▸ **DIRECTIONS FOR THIS TASK**: Only the first line of the listing and the lines after it, up to and including the one containing "May include: A", should be retyped exactly.

▸ **RECORD SET**:
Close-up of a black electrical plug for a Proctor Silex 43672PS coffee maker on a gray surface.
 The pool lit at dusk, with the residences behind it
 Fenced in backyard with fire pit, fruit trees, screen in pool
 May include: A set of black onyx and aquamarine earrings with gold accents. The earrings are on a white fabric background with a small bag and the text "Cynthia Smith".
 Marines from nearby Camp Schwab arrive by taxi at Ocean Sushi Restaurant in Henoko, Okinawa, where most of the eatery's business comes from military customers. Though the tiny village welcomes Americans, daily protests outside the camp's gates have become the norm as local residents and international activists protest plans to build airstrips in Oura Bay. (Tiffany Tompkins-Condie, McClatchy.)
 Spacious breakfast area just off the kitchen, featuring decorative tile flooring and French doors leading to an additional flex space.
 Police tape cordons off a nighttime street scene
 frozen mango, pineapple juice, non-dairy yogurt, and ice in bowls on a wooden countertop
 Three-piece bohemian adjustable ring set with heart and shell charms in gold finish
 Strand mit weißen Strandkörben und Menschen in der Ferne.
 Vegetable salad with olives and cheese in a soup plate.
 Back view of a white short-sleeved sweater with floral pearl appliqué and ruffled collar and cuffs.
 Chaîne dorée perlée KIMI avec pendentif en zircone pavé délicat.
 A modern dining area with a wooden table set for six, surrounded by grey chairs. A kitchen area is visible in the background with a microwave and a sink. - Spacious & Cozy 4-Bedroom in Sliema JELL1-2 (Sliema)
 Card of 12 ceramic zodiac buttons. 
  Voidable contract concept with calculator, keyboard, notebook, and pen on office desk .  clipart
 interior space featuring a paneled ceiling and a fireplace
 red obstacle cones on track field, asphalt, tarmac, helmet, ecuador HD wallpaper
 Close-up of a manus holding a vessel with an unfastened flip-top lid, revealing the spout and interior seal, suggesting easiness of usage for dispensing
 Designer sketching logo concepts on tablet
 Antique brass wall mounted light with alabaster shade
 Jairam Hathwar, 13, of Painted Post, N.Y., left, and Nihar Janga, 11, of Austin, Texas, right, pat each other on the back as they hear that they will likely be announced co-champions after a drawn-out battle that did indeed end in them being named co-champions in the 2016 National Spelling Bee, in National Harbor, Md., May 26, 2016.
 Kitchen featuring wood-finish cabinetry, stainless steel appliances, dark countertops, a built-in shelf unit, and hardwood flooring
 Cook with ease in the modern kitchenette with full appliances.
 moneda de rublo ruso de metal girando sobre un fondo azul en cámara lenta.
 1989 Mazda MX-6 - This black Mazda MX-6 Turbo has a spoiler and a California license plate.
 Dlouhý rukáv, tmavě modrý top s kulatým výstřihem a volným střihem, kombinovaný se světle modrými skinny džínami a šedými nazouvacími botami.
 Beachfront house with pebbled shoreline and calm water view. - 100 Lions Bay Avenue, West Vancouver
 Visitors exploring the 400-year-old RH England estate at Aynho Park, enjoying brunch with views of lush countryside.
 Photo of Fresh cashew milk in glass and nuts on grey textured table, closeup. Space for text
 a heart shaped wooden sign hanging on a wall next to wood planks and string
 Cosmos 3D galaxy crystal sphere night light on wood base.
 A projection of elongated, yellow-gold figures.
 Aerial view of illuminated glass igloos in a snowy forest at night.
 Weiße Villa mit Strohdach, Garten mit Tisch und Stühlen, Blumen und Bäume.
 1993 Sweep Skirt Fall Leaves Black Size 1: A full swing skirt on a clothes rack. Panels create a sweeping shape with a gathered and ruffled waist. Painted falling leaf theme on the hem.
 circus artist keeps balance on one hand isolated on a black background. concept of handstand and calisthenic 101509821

▸ **EXERCISE RESULT**:
Close-up of a black electrical plug for a Proctor Silex 43672PS coffee maker on a gray surface.
 The pool lit at dusk, with the residences behind it
 Fenced in backyard with fire pit, fruit trees, screen in pool
 May include: A set of black onyx and aquamarine earrings with gold accents. The earrings are on a white fabric background with a small bag and the text "Cynthia Smith".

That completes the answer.